Norbert Barczyk/PressFocus

- Na tle tak dobrego zespołu sprawdziłem jak wyglądają piłkarze, którzy wcześniej u mnie nie grali, albo grali trochę mniej. Chwalę za to, że nie straciliśmy bramki, szwankowała za to gra ofensywna, choć sporo było okazji do zdobycia gola i przy lepszej skuteczności mogliśmy się pokusić o zwycięstwo - komentował dla klubowej telewizji szkoleniowiec "GieKSy". Jego zespół z ekstraklasowym rywalem grał jak równy z równym, co jednak bardziej powinno martwić Marcina Brosza, niż cieszyć ekipę z Katowic. Samo spotkanie przeciętne było bowiem z obu stron.

Górnicy zaczęli spotkanie w składzie zbliżonym do ligowego. Nie było graczy powołanych do polskich młodzieżówek, w wyjściowej jedenastce znalazł się za to Igor Angulo. Hiszpan jeszcze przed przerwą został zmieniony przez Rafała Wolsztyńskiego. Spotkanie było wyrównane, a najlepszą okazję na otwarcia wyniku w pierwszej połowie stworzyli sobie zabrzanie. Po przejęciu futbolówki w środku boiska piłka trafiła na prawą stronę pola karnego GKS-u, gdzie powalczył o nią Adam Wolniewicz, potem podał do stojącego na 12. metrze Jesusa Jimeneza, ale ten kopnął minimalnie nad bramką.

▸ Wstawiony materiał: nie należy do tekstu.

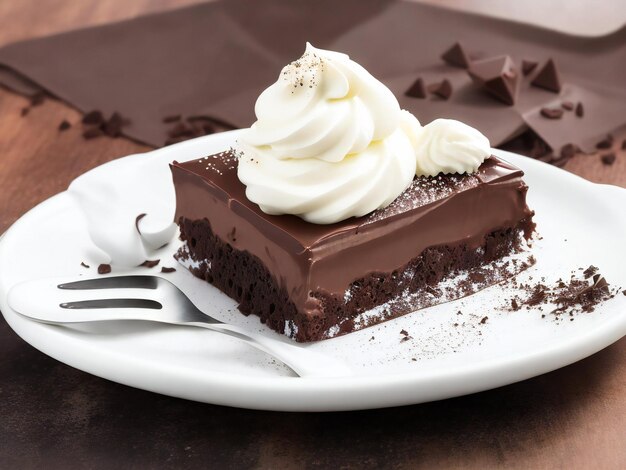 Dolce dessert al cioccolato su piatto con panna montata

Jeszcze lepszą okazję na gola tuż po zmianie stron miał Adam Ryczkowski. Piłkę w pole karne GKS-u dośrodkował Daniel Liszka, a uderzenie pomocnika Górnika w kapitalnym stylu obronił 17-letni Szymon Frankowski. Po zmianie stron na boisku działo się więcej niż przed przerwą. Szanse dla katowiczan zaprzepaścił Grzegorz Piesio, który głową przeniósł piłkę nad poprzeczką. Po drugiej stronie boiska efektownie uderzał Łukasz Wolsztyński po akcji przeprowadzonej przez swojego brata Rafała. Daniela Bielicę sprawdził z kolei David Anion, po którego uderzeniu z okolicy szesnastego metra piłka wpadła prosto w ręce młodego golkipera "Górników".

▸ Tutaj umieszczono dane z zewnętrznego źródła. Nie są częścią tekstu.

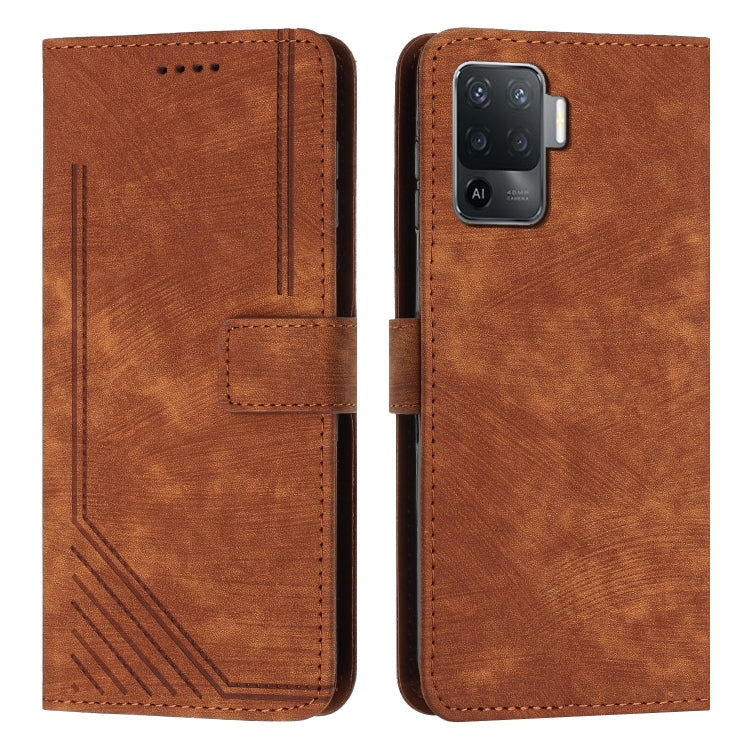 Skin Feel Stripe Pattern Leather Phone Case with Lanyard for OPPO A94 4G / F19 Pro / F19 Pro+ / A94 5G / A95 5G / Reno5 Z / Reno6 Z 5G / Reno5 F / Reno5 Lite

Górnik i "GieKSa" wykorzystują okazję do popracowania nad formą. Zabrzanie w lidze mają wolne, bo z powodu terminów na mecze reprezentacji trwa przerwa w rozgrywkach Ekstraklasy. Katowiczanie przełożyli z kolei zaplanowane pierwotnie na sobotę spotkanie z ŁKS-em Łódź ze względu na powołania do reprezentacji Kacpra Tabisia, Adriana Łyszczarza i Tymoteusza Puchacza.

GKS Katowice - Górnik Zabrze 0:0

GKS Katowice: Frankowski - Andrzejczak, Lisowski, Kupec, Mączyński - Anon, Piesio, Kurowski, Bronisławski, Michalik (76' Małecki) - Rumin (86' Grzechynka). Trener: Dariusz Dudek.

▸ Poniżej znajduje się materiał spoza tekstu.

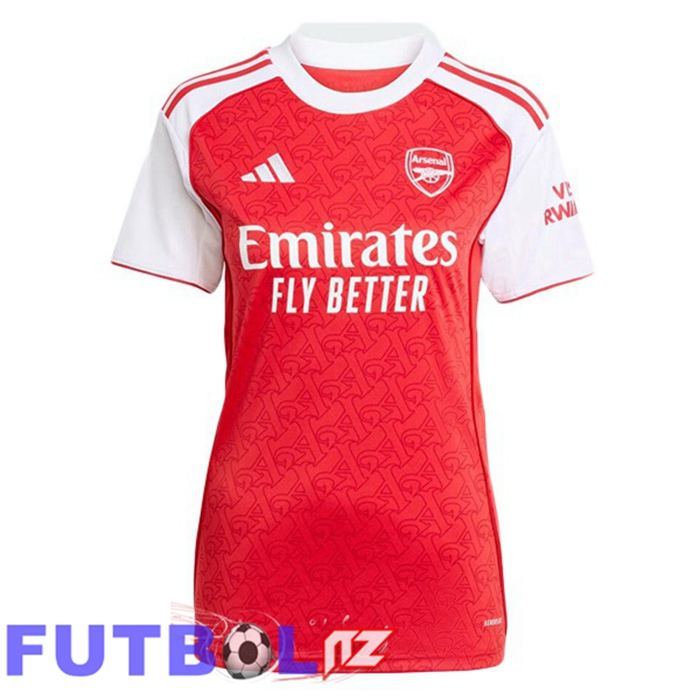 Camisetas De Futbol Arsenal Mujer Primera Rojo Blanco 2025/2026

Górnik: Bielica - Wolniewicz (76' Grachev), Suarez (46' Wiśniewski), Koj, Liszka (84' Nowakowski) - Ryczkowski (76' Biedrzycki), Biedrzycki (46' Matuszek), Urynowicz (67' Nowak), Jiménez (69' Smuga) - Angulo (35' R. Wolsztyński), Zapolnik (46' Ł. Wolsztyński). Trener: Marcin Brosz.